Agiu acertadamente o Superior Tribunal de Justiça ao diferenciar o standard probatório mínimo necessário para validar o ingresso em quarto de hotel não habitado em caráter permanente, sem autorização judicial, das fundadas razões indispensáveis à violação de uma residência propriamente dita.

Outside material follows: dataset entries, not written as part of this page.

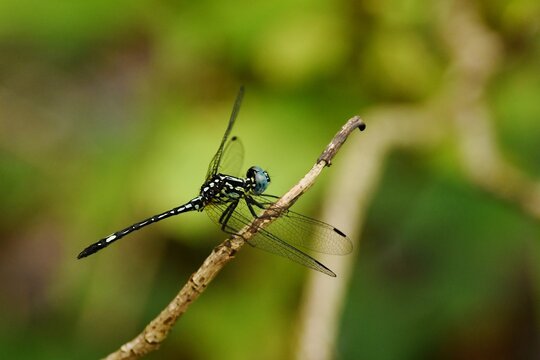 Junglewatcher (Neodythemis hildebrandti) perched on a twig at Marojejy National Park, eastern Madagascar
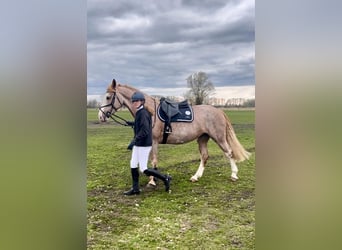 Weitere Warmblüter Mix, Stute, 8 Jahre, 164 cm, Rotschimmel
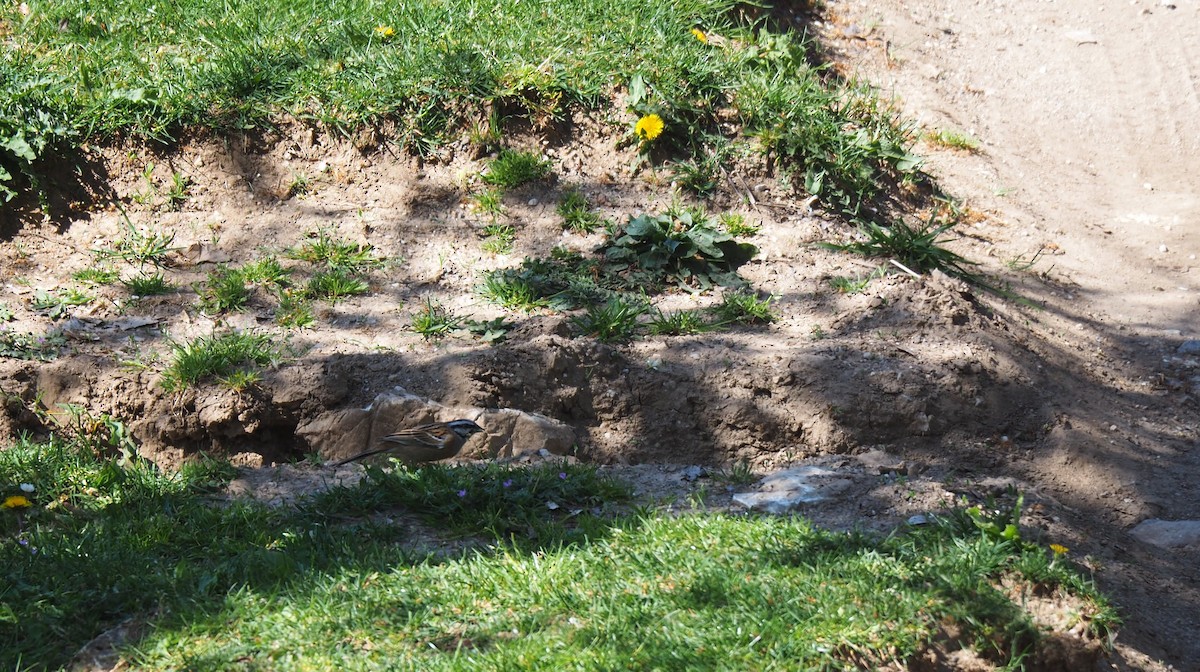 strnad viničný - ML618152360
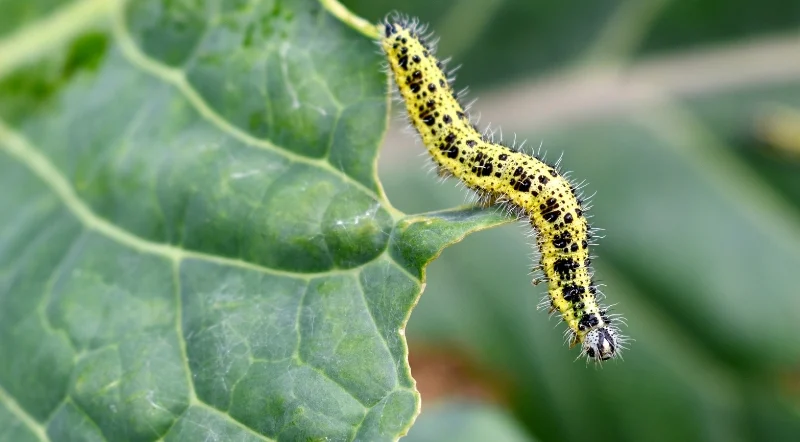 Bruco della cavolaia su foglia di cavolo – come eliminare la cavolaia in modo naturale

Ao estabelecer direitos e garantias fundamentais, a Constituição Federal busca limitar o poder do Estado, a fim de evitar a prática de abusos por parte de seus agentes. Objetiva-se garantir ao indivíduo condições existenciais mínimas para uma convivência digna no meio social. Todavia, não é crível que tais garantias sejam invocadas com o intuito de acobertar práticas criminosas e garantir a impunidade dos infratores. A função social das garantias constitucionais não pode ser desvirtuada para servir de abrigo àqueles que infringem o ordenamento jurídico.

 


[1] MS 23452, Relator: Celso de Mello, Data do Julgamento: 16/09/1999, Tribunal Pleno, Data da Publicação DJ 12-05-2000

[2] CAPEZ, Fernando. Curso de Processo Penal. 28ª Ed. São Paulo: Saraiva, 2021.

[3] STF – RHC: 90376 RJ, Relator: CELSO DE MELLO, Data de Julgamento: 03/04/2007, Segunda Turma, Data de Publicação: DJe- 18-05-2007.

[4] RE nº 603.616/RO, Rel. ministro Gilmar Mendes, DJe 8/10/2010.

[5] Tema 280: provas obtidas mediante invasão de domicílio por policiais sem mandado de busca e apreensão.

[6] REsp nº 1.574.681/RS, Relator: Rogério Schietti, Data de Julgamento: 20/04/2017, T6 – SEXTA TURMA, Data de Publicação: DJe 30/05/2017.

[7] HC 659.527-SP, Rel. Minº Rogerio Schietti Cruz, Sexta Turma, por unanimidade, julgado em 19/10/2021, DJe de 25/10/2021.